(Exercise):
Reproduce every record below word for word and include no pictures.
******
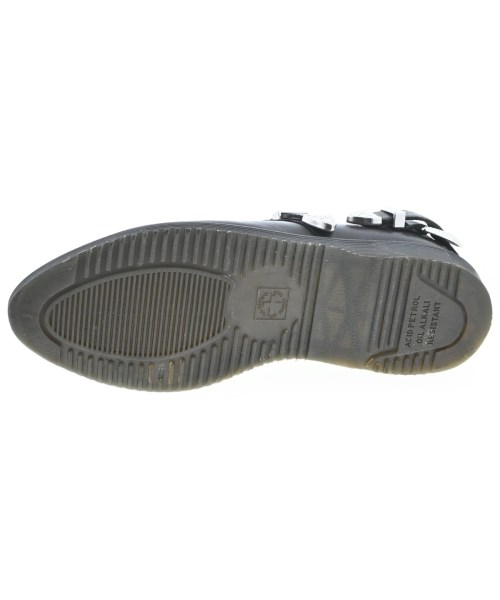 Dr.Martens（ドクターマーチン）ビジネス・ドレスシューズ 黒 サイズ:UK6(24.5cm位) メンズ/2200727421043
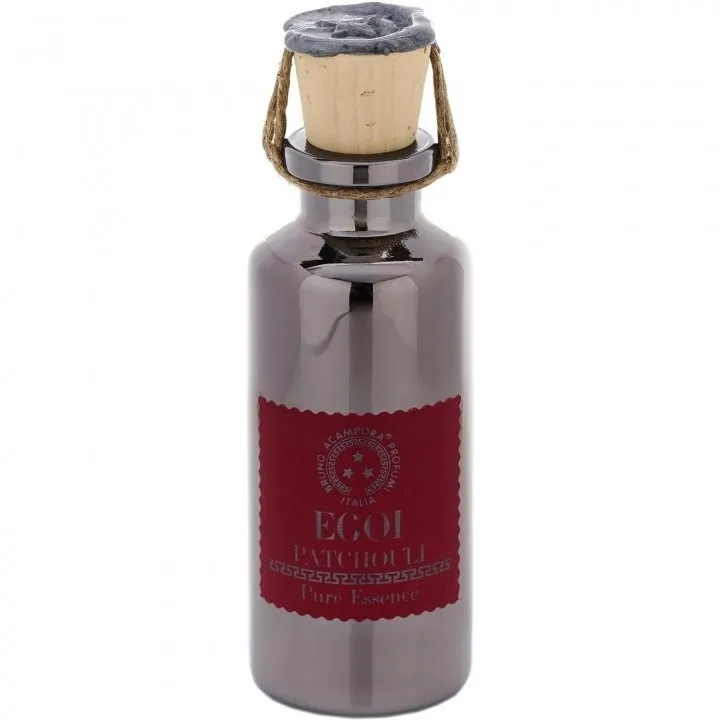 Acampora Egoi / Patchouli (Perfume Oil) parfüm şişesi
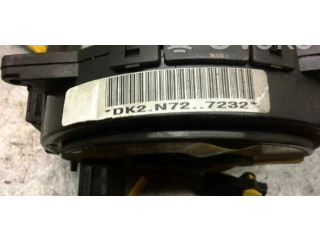 Подушка безопасности водителя DK2N727232   SsangYong Kyron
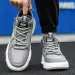 Men Casual Sneakers Summer New Breathable Sport Outdoor Running Versatile Student Athletic Jogging Walking Shoes Z251223_desvips.com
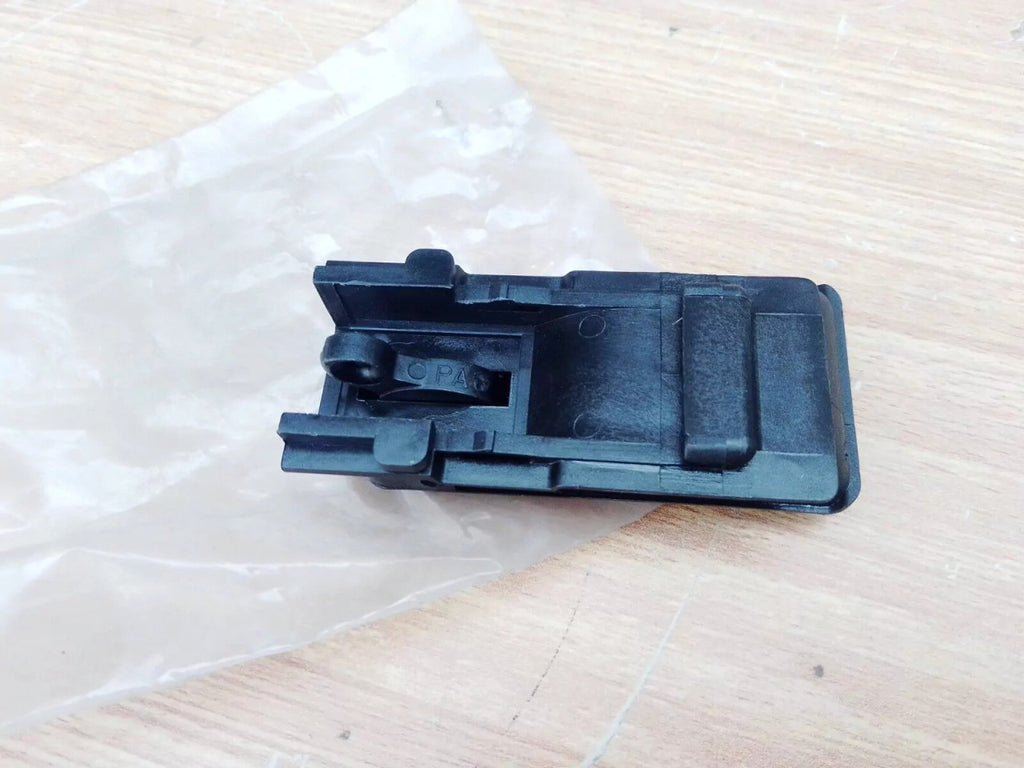 Interior Door Handle Right fits Opel Corsa A Vauxhall Nova 90203884 Genuine View Rear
******
(Response below):
 Dr.Martens（ドクターマーチン）ビジネス・ドレスシューズ 黒 サイズ:UK6(24.5cm位) メンズ/2200727421043
 Acampora Egoi / Patchouli (Perfume Oil) parfüm şişesi
 Подушка безопасности водителя DK2N727232   SsangYong Kyron
 Men Casual Sneakers Summer New Breathable Sport Outdoor Running Versatile Student Athletic Jogging Walking Shoes Z251223_desvips.com
 Interior Door Handle Right fits Opel Corsa A Vauxhall Nova 90203884 Genuine View Rear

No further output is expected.